Há limites que jamais deveriam ser ultrapassados na política. O embate de ideias faz parte da democracia, mas recorrer ao racismo, ao preconceito social e à tentativa de humilhar alguém por sua origem revela não força, e sim absoluta incapacidade de enfrentar o debate público com argumentos. As declarações atribuídas ao ex-prefeito de Sapeaçu, George Vieira, aliado político de ACM Neto, contra o atual prefeito Ramon Sena, representam um dos episódios mais lamentáveis do atual cenário político baiano. Ao utilizar expressões como “afrodescendente pobre” de forma depreciativa e tentar desqualificar o adversário por sua condição social, o ex-gestor ultrapassou a linha da disputa política e entrou no terreno da discriminação.

O caso é ainda mais grave porque reforça uma lógica elitista que insiste em sobreviver na política brasileira: a ideia de que pessoas humildes, negras ou oriundas das camadas populares não seriam dignas de ocupar espaços de poder. A democracia existe justamente para romper esse paradigma. Quem chega ao cargo pelo voto popular não precisa provar sobrenome, patrimônio ou origem privilegiada. Precisa apenas honrar a confiança das urnas.
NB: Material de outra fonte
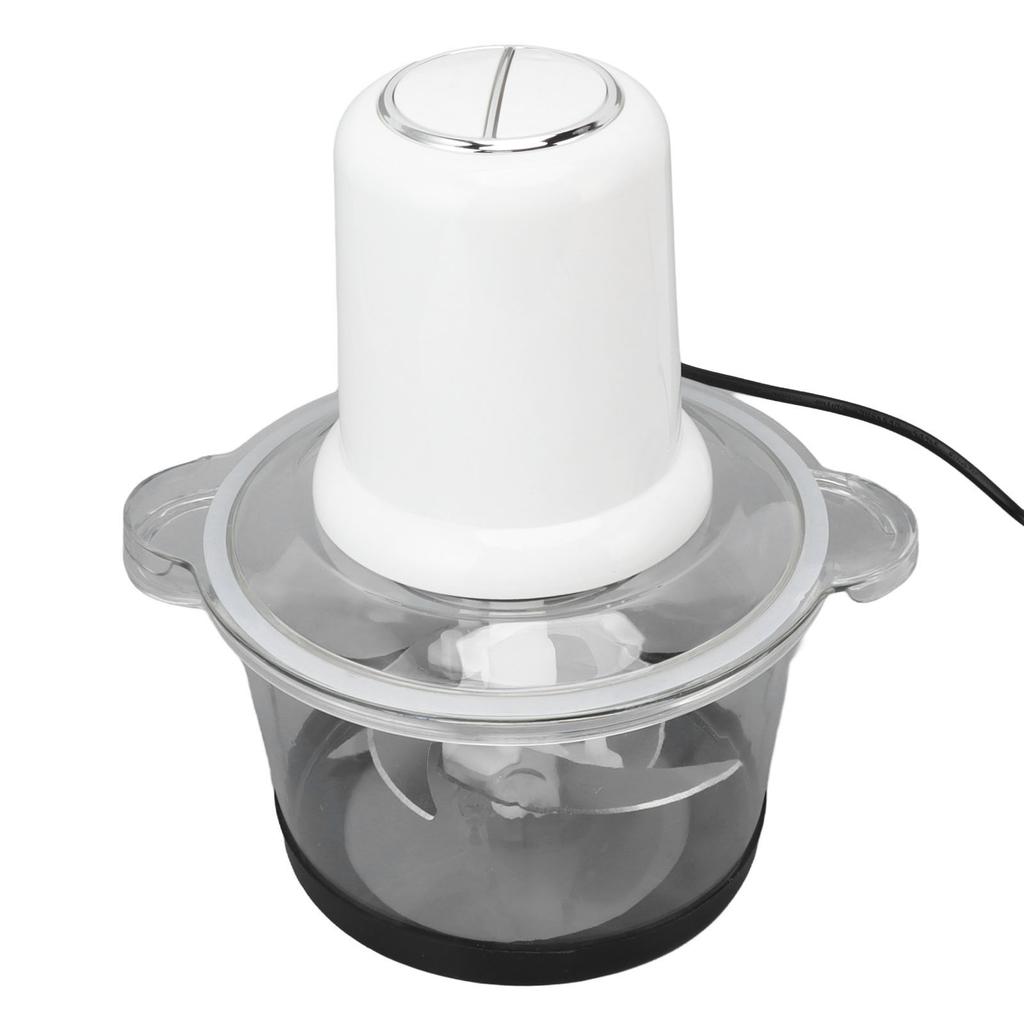 Electric Mt Chopper 350W 2L Quick Chopping Mixing Small Food Grinder Processor for Vegetables Garlic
Transformar a pobreza ou a identidade racial em motivo de ataque é um comportamento incompatível com qualquer sociedade que se pretenda democrática.

O repúdio público manifestado pelo secretário de Justiça e Direitos Humanos da Bahia, Felipe Freitas, demonstra que esse tipo de discurso não pode ser tratado como mera “polêmica política”. Se confirmadas, as falas podem ter repercussões jurídicas e devem ser analisadas pelas autoridades competentes à luz da legislação vigente. O combate ao racismo exige firmeza institucional e social, independentemente de quem seja o autor ou a vítima. Não há espaço para relativizações quando direitos fundamentais são colocados em xeque.

O Portal Moisés Cambuy entende que a política precisa elevar o debate, e não degradá-lo. Divergências são naturais e necessárias, mas jamais podem servir de justificativa para manifestações que ofendam a dignidade humana. A Bahia, estado de maioria negra e marcada por uma profunda diversidade cultural, merece representantes que discutam propostas, apresentem soluções e respeitem o povo. Quem escolhe o caminho do preconceito não apenas agride um adversário político; agride toda a sociedade e enfraquece os pilares da democracia.